Our dogs sleep a lot too, we often have to wake up Max in the morning to take him outside 
I would say 10-12 hours of sleep at night is the norm for ours.

They wear each other out during the day, plus we walk 5 miles/day.


----------



## datacan (May 15, 2011)

10-12 hours yes, and even longer, if you like. Dogs wait, that's what they do but, can jump into high gear in a split second.


----------



## Rufus Tiberius (Dec 18, 2012)

I look at it this way. The more sleep they get, the less likely they are going to get into trouble.


----------



## Ozkar (Jul 4, 2011)

*Re: Re: How much sleep*



Rufus said:


> I look at it this way. The more sleep they get, the less likely they are going to get into trouble.

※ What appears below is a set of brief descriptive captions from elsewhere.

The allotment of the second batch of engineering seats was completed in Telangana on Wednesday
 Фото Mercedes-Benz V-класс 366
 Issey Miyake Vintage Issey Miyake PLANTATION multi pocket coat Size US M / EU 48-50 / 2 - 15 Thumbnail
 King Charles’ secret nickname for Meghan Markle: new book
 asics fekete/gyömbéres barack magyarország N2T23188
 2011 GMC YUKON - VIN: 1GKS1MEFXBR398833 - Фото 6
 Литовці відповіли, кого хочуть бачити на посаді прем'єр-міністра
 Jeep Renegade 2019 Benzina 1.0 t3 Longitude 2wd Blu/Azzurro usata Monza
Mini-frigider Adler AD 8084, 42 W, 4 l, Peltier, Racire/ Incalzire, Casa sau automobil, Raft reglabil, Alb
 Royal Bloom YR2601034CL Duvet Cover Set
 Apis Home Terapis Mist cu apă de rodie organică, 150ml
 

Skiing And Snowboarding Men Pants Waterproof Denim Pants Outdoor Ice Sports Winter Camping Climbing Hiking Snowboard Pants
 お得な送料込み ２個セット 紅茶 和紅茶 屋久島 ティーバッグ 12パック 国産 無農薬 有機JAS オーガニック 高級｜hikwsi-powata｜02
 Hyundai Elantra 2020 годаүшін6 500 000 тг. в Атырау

Yeah...........or........the more sleep they get, the harder I have to work them to get them to do it again.......


----------



## nick (Dec 18, 2010)

Ok then, sounds like Molly is normal...I thought so but wanted to see what others are experineceing. I agree that they can jump into high gear in a split second.


----------



## Must dash (Nov 15, 2012)

Sadie's sleep patterns change every now and again.(She's 4 months old) I'm sure it's to keep me on my toes.  At the moment she sleeps well through the night. She's woken up at 6.45am. She is toileted, fed and played with (we have a 200ft garden) and then sleeps again at about 8am. She sleeps away most of the morning, but is definitely full of beans in the afternoon to make up for it. She's taken for her "big" walk in the evening and then is so full of energy when she gets home, that she enjoys lots of playing, games and training, until I put her in her bed and calm her. Then she crashes and burns 8)

Who knows it could all be different next week. ;D


----------